*** THE INPUT ***

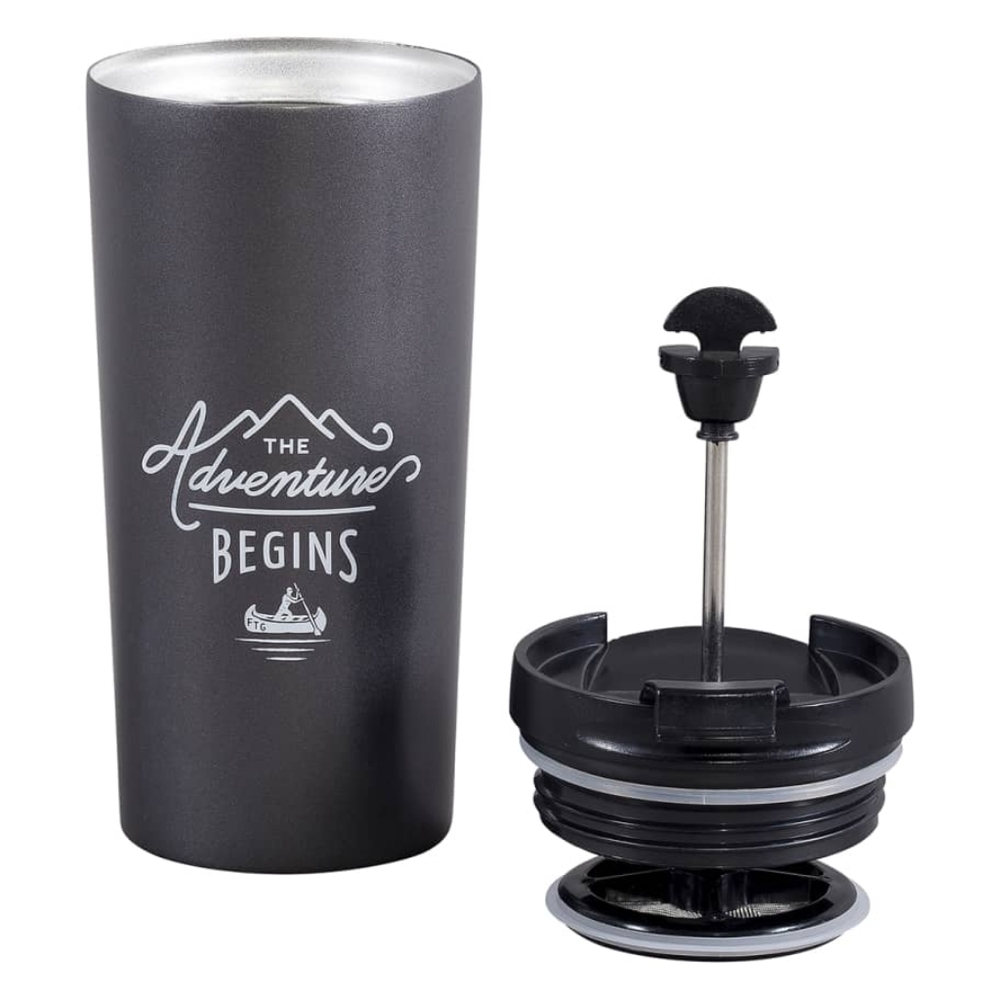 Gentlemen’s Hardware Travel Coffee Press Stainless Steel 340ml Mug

***
*** THE INPUT ***

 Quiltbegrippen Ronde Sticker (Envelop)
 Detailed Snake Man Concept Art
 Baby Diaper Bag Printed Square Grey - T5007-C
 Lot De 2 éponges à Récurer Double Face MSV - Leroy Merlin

***

▸ **EXERCISE BRIEF**
Above are the records; from them, give again exactly the lines from the one containing "Detailed Snake Man Concept Art" through the one containing "Lot De 2 éponges", both included.

▸ **SOLUTION FOR THIS PROBLEM**
 Detailed Snake Man Concept Art
 Baby Diaper Bag Printed Square Grey - T5007-C
 Lot De 2 éponges à Récurer Double Face MSV - Leroy Merlin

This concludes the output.